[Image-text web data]

____

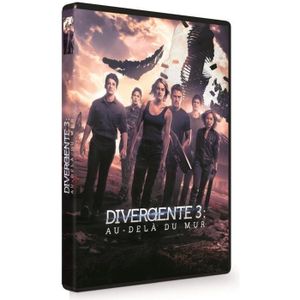 DVD FILM DVD Divergente 3 : Au-delà du mur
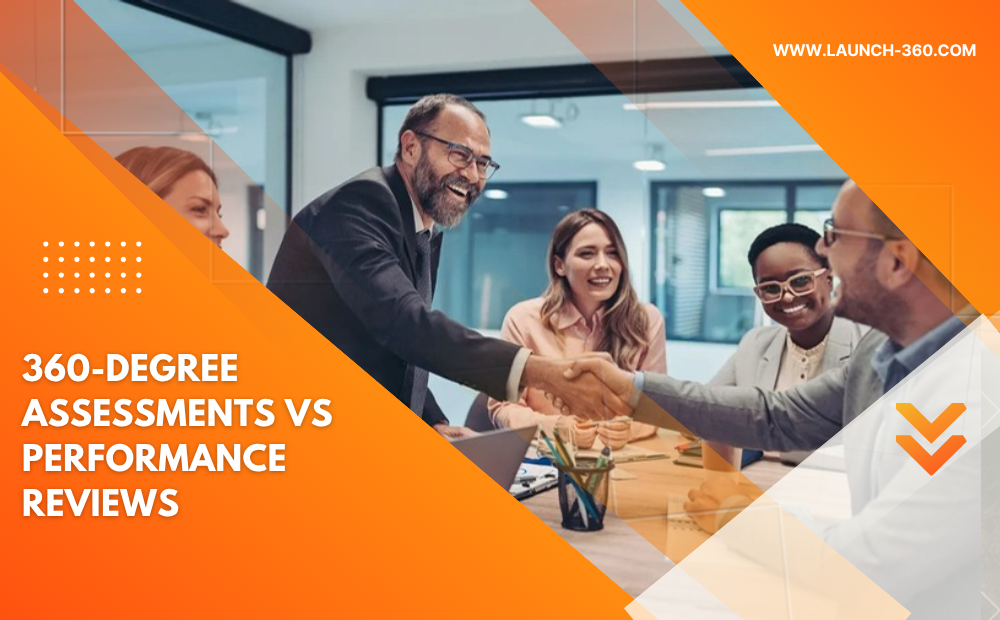 60-Degree Assessments vs Performance Reviews comparison for employee feedback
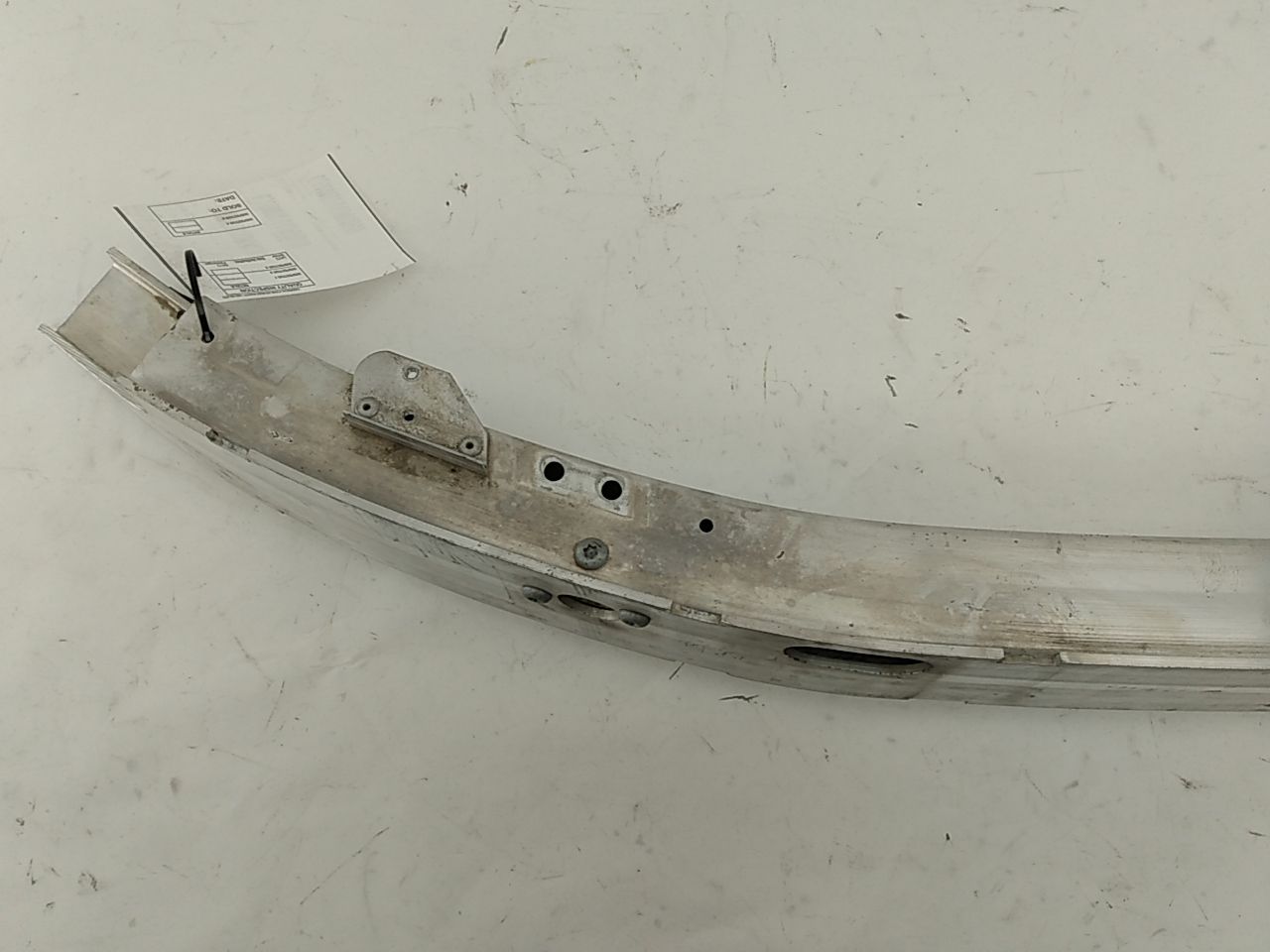 BMW 650I Front Bumper Reinforcement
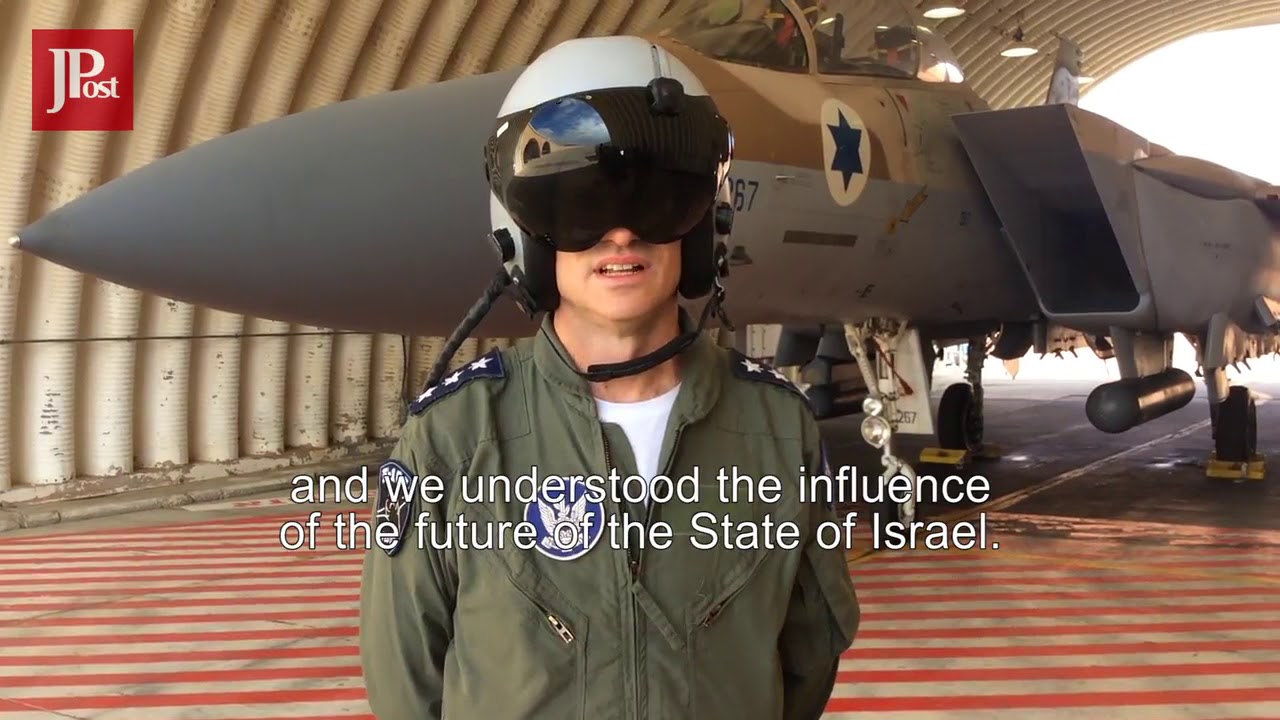 IAF Pilot on the 2007 attack on a Syrian nuclear reactor site. (Marc Israel Sellem/IDF)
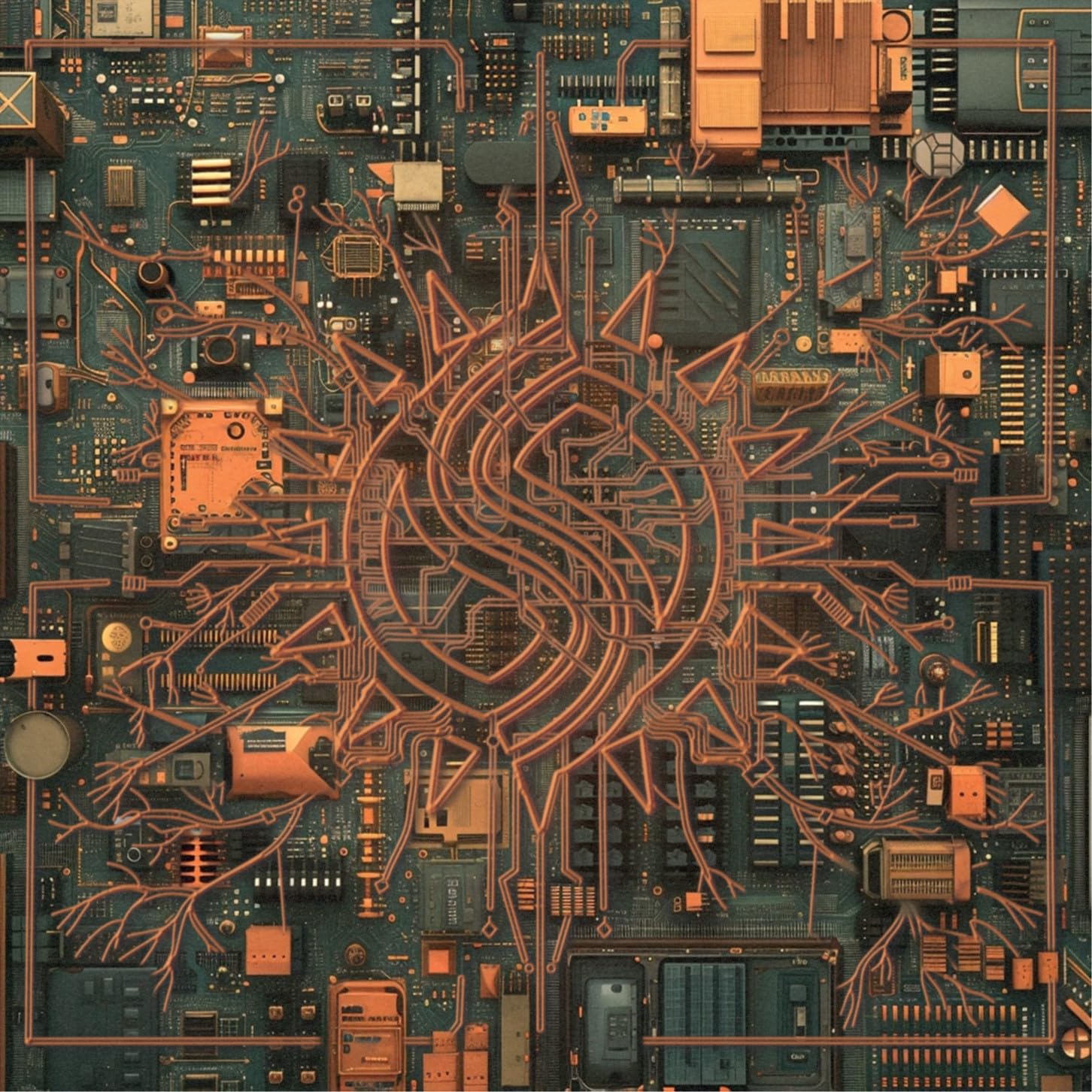 Sud Sound System - Intelligenza Naturale (Ita) [LP] Vinyl Record Album Cover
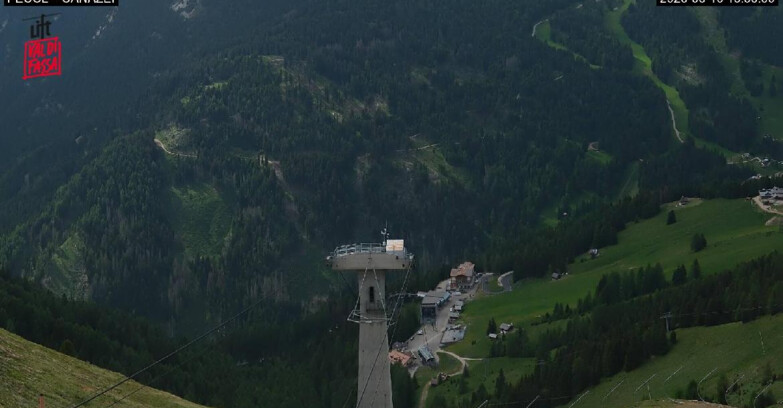Webcam Canazei-Belvedere - Canazei - Località Pecol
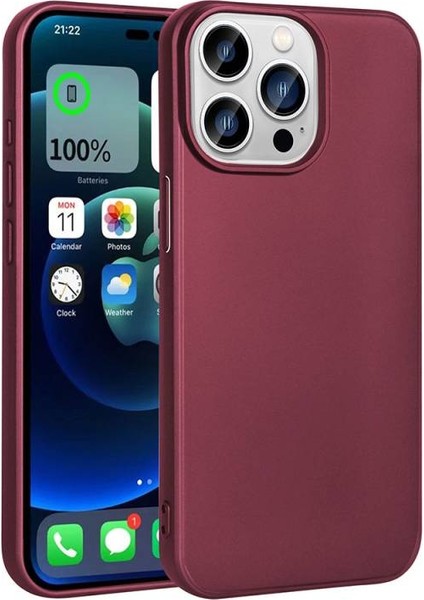 iPhone 15 Pro Kılıf Esnek Yapılı Ince Slim Silikon Kapak Ryc/premier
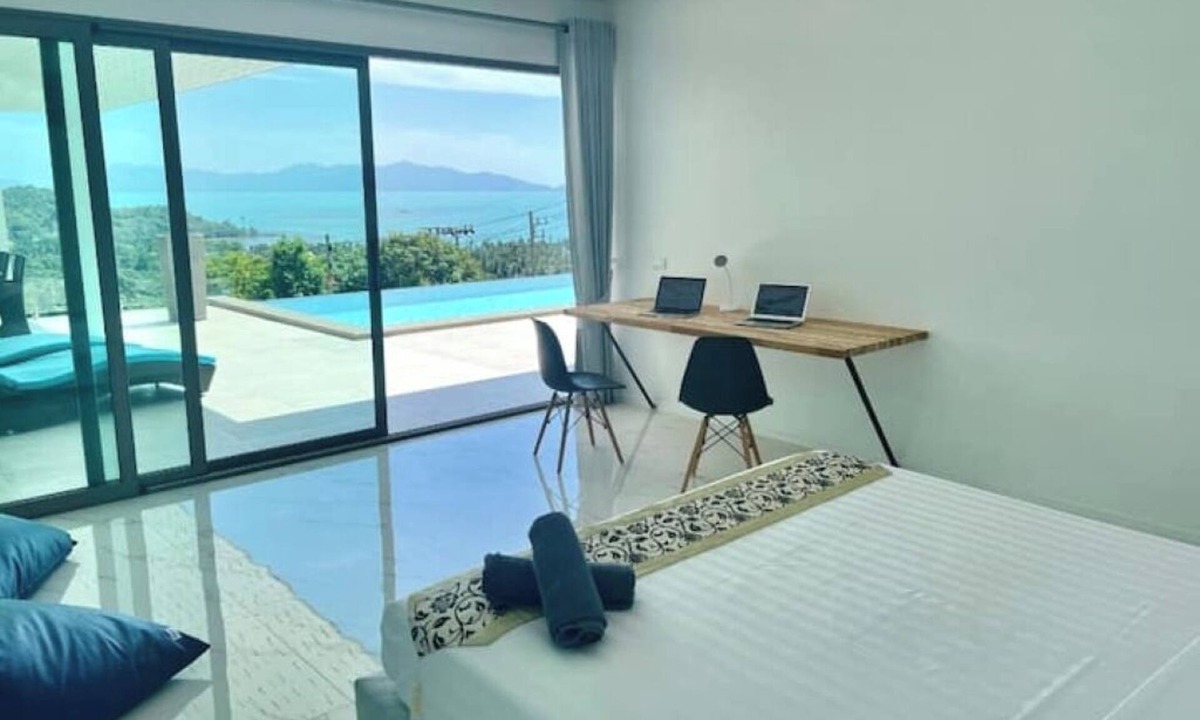 Koh Samui Villa | Villa Starck - Exceptional modern villa with spectacular views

____

**Brief**: Using the records above, copy exactly and only the lines from the line with "BMW 650I Front Bumper Reinforcement" through the end, both included; leave every picture out.

**Response box**:
 BMW 650I Front Bumper Reinforcement
 IAF Pilot on the 2007 attack on a Syrian nuclear reactor site. (Marc Israel Sellem/IDF)
 Sud Sound System - Intelligenza Naturale (Ita) [LP] Vinyl Record Album Cover
Webcam Canazei-Belvedere - Canazei - Località Pecol
 iPhone 15 Pro Kılıf Esnek Yapılı Ince Slim Silikon Kapak Ryc/premier
 Koh Samui Villa | Villa Starck - Exceptional modern villa with spectacular views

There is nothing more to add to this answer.